Sungguh sangat berat beban yang dirasa oleh Rania saat ini. Dia benar-benar bingung bagaimana dia akan menghadapi sang ibu mertua yang sangat mempercayai dirinya akan berhasil. Dia sadar ini adalah kesalahannya yang sangat yakin akan berhasil sehingga dia pun memaksa sang ibu mertua untuk percaya kepadanya juga dan menghilangkan semua keraguan yang ada di dalam hatinya. Dia tidak tahu kalau selama ini dia tidak mengenal dengan baik bagaimana sifat dan tingkah laku keluarga dari suaminya itu. Dia hanya mengenal Ayah Ridho dan Ibu Tyas saja. Dia hanya meyakini sesuai dengan apa yang diajarkan oleh bunda Nayla, Ibu panti asuhan dimana selama ini ia tinggal bahwa semarah apapun setiap anggota keluarga, rasa kasih sayang diantara mereka tidak akan pernah menghilang.
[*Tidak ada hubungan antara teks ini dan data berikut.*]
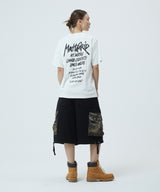 PIGMENT GRAFFITI LOGO TEE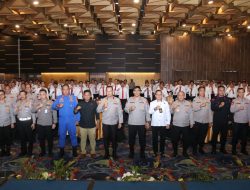 Ini Arahan Wakapolda dalam Latkatpuan OPS Mantap Praja,T.A 2024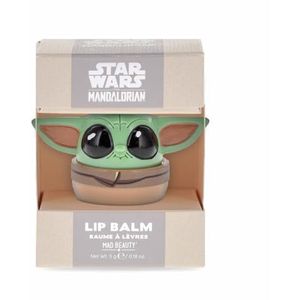MAD BEAUTY Star Wars Grogu lippenbalsem in geschenkdoos, geur: kokosnoot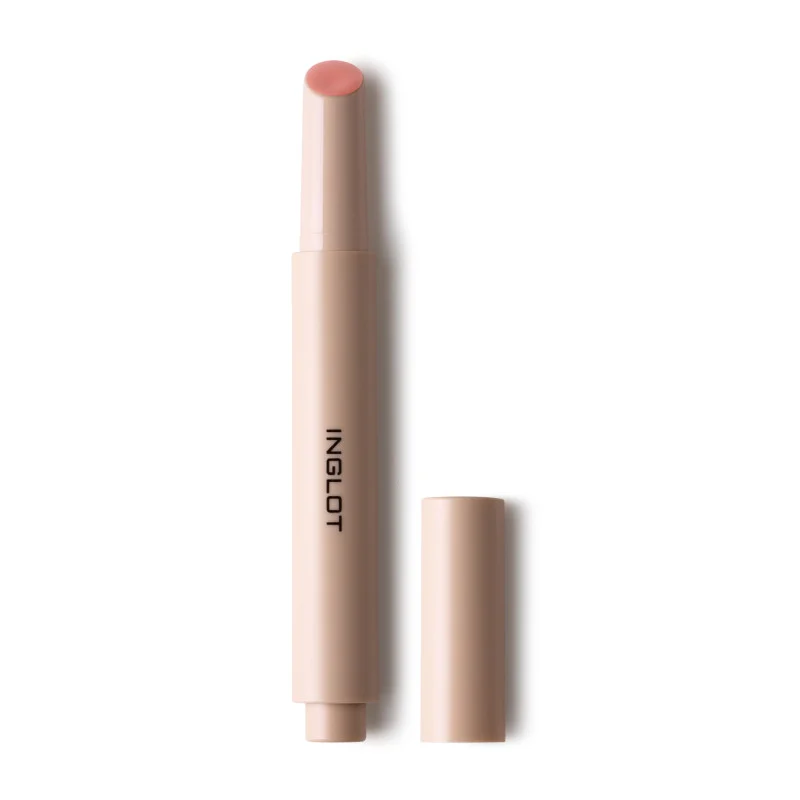 INGLOT Lip Volume Tinted Balm – Balsamo Labbra Volumizzante Soft Bloom 121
Sekarang ia hanya bisa mematung di tempat ia berdiri, merasa bingung harus kemana lagi sekarang. Sebuah suara dering ponsel miliknya membuyarkan lamunan Rania saat itu. Dengan segera dia mengambil ponsel yang sedari tadi teronggok manis di dalam tas kecil miliknya. Ibu Tyas, nama itu yang muncul dari layar depan ponsel sederhana miliknya hadiah dari gaji pertama sang suami.
“Assalamualaikum,” sapa Rania mengangkat panggilan tersebut.
“Waalaikumsallam,” jawab suara serak dari sesorang paruh baya di balik telepon itu.
“Kamu dimana sayang?” tanya Ibu Tyas.
“Rania ini sudah mau pulang, Bu. Rania...” Belum sempat gadis itu menyelesaikan ucapannya, Ibu Tyas memotong dengan kata-kata yang seketika membuat Rania semakin hancur.
“Nak, cepat pulang, Yusuf semakin kritis. Dokter menyuruh keluarga untuk bisa datang semua,” ucap sang ibu mertua sambil menangis.
“Apa?”
Lemas, sakit, hancur, itulah yang sekarang dirasakan oleh Rania. Air matanya terus saja mengalir semakin deras, menghadapi ujian yang sangat bertubi-tubi ini.
“Apa yang terjadi dengan Yusuf, Bu? Apa yang terjadi?”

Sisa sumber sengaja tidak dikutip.